I was waiting for the coin toss: I would either be burying a goat at 5:45 or giving her electrolyte paste. Wonders never cease, and prayers are answered. There, in the barn, stood Foxy Brown. Tail still down (often a sign that a goat isn’t feeling well), she spotted me and moved in the other direction. I said, “well, that is progress, you’re running away!”
Leaving her to ponder her next move, I pitched two bales of hay into the feeders and missed one of them. Twenty goats pounced on that fallen bale. I lifted it, muttering, “get off of it ya turd-buckets” and pulled a rib muscle. Once I filled the feeders with hay, I took a square to Foxy Brown. Still a bit wobbly, she looked the opposite direction. I headed to the house, had Jim to slather generic mentholated cream on my back and went to the office.

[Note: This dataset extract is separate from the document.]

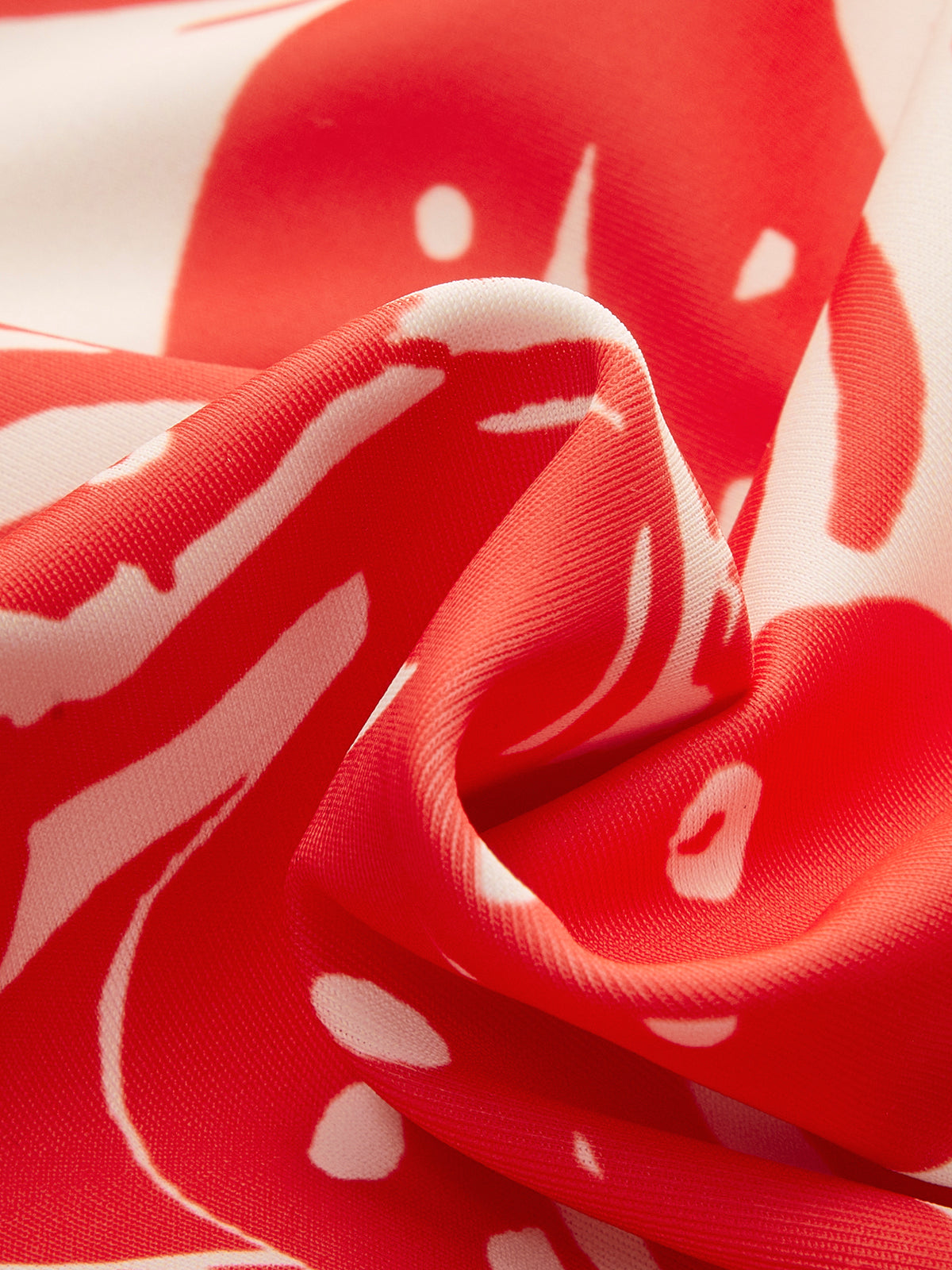 Tropical Print V-Neck One-Piece Swimsuit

Later in the day, Daddy checked on the herd and sent me a text, “Count 24. All look good”. It is always a good sign when someone counts the herd and tells you the correct number…unlike me as a child telling Daddy that we had between 14 and 16 calves. He took the average and knew that he only had 15 in that lot; yet I digress.
I returned the text with a photo and asked him to check for Foxy Brown specifically.
Apparently, the goat started talking to Daddy.😁
Jim checked her after work, and found her resting near her mother Sheri. I later went to check and found her hanging out, not letting me near her. She is on the mend: still a bit wobbly, but eating, drinking and staying close to the herd.